Szczerze współczuję.
3 kwietnia 2015, 12:48
Ja "siedzę" w domu już 7 lat. Starszy syn chodzi do przedszkola, młodszy jest jeszcze pod moją opieką w domu. Obowiązki mojego męża poza praca zawodową to robienie sobie posiłków oprócz obiadów, wynoszenie śmieci, czasem odkurzanie, odprowadzanie i przyprowadzanie starszego dziecka do/z przedszkola, dbanie o swoje ciuchy treningowe (sam pierze), robienie zakupów spożywczych (ja robię listę), obrządek wieczorny starszego syna czyli zrobienie mu kolacji, pomoc w kąpieli, przypilnowanie żeby umył zęby, czytanie bajki, odprowadzenie do łóżka. No i wiadomo - sprzątanie po sobie, typu umycie kubka po kawie jak cała kuchnia jest wysprzątana, a nie postawienie go obok zlewu.
Oczywiście te czynności to nie są na mur beton tylko jego, 2-3 razy w tygodniu ma wieczorem trening, wtedy ja ogarniam całą wieczorna krzątaninę przy dzieciakach, a czasem to ja wychodzę przed porą kolacyjno-kąpielową i on dzieciaki sam ogarnia.
W weekend w jeden dzień ja rano wstaję jak dzieci wstaną, a on śpi dalej, a w kolejny dzień na odwrót.
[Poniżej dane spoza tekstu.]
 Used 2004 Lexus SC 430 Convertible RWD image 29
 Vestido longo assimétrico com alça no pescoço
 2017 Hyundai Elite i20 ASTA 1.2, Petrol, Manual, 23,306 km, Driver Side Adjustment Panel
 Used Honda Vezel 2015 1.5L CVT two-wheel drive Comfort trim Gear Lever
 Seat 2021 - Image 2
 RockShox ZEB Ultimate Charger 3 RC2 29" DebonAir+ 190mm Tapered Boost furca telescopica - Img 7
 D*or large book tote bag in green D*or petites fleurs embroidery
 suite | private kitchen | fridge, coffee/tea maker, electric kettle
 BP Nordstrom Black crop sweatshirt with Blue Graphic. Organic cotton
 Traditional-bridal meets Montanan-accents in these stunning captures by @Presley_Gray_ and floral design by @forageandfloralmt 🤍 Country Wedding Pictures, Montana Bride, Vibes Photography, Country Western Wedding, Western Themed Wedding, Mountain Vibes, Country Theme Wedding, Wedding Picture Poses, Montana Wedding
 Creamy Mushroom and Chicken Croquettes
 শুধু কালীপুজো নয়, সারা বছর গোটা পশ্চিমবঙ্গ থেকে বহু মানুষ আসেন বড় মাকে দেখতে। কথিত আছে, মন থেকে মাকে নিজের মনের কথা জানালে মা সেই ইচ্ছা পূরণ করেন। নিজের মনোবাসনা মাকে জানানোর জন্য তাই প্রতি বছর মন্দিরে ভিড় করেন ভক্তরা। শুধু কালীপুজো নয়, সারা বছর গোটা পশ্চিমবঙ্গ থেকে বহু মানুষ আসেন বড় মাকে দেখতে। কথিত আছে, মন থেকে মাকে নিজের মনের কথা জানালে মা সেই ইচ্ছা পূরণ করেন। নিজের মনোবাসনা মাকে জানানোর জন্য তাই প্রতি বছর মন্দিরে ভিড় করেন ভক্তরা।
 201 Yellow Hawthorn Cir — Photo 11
Dzieciaki raczej lgną do nas po równo póki co. Może odrobinę starszy bardziej lgnie do taty, bo bawi się z nim mniej ostrożnie, tzn. bawią się w jakieś zapasy, wyścigi itp., ja bardziej jestem od spokojniejszych zabaw przy stole, malowanie, wyklejanie, budowanie z lego. Młodszy syn z kolei bardziej do mnie lgnie, bo mały jeszcze i dużo czasu razem spędzamy, ale z tatą też lubi wygłupy.
3 kwietnia 2015, 12:48
jak można być zadowolonym że jest się niewolnikiem w swoim domu? Przecież dom jest wspólny a co jak dwoje pracuje i jest dziecko? Kobieta po pracy idzie do innej pracy czyli domu a facet co ma robić leżeć? Ja właśnie protestuje i nie pozwalam żeby tak było nawet jeśli miał by być to koniec związku, niestety życie na tym nie polega...
3 kwietnia 2015, 12:54
taki układ jest wporzadku, ja mam córeczkę 2.5 roczna i jeszcze nikt nie położył jej spać tylko ja. Ogólnie wszystko robię ja mam kompa ja może z 20 razy w jej życiu. teraz zaczynam zmieniać ten głupi tok myślenia że kobieta robi wszystko jest tylko mały problem spanie córka nie chce spać z tatą i z nikim innym tylko że mną.... To jest bardzo uciążliwe wszędzie pojedzie ale tylko z mamą bezemnie nie ruszy się nigdzie...
3 kwietnia 2015, 12:57
jak można być zadowolonym że jest się niewolnikiem w swoim domu? Przecież dom jest wspólny a co jak dwoje pracuje i jest dziecko? Kobieta po pracy idzie do innej pracy czyli domu a facet co ma robić leżeć? Ja właśnie protestuje i nie pozwalam żeby tak było nawet jeśli miał by być to koniec związku, niestety życie na tym nie polega...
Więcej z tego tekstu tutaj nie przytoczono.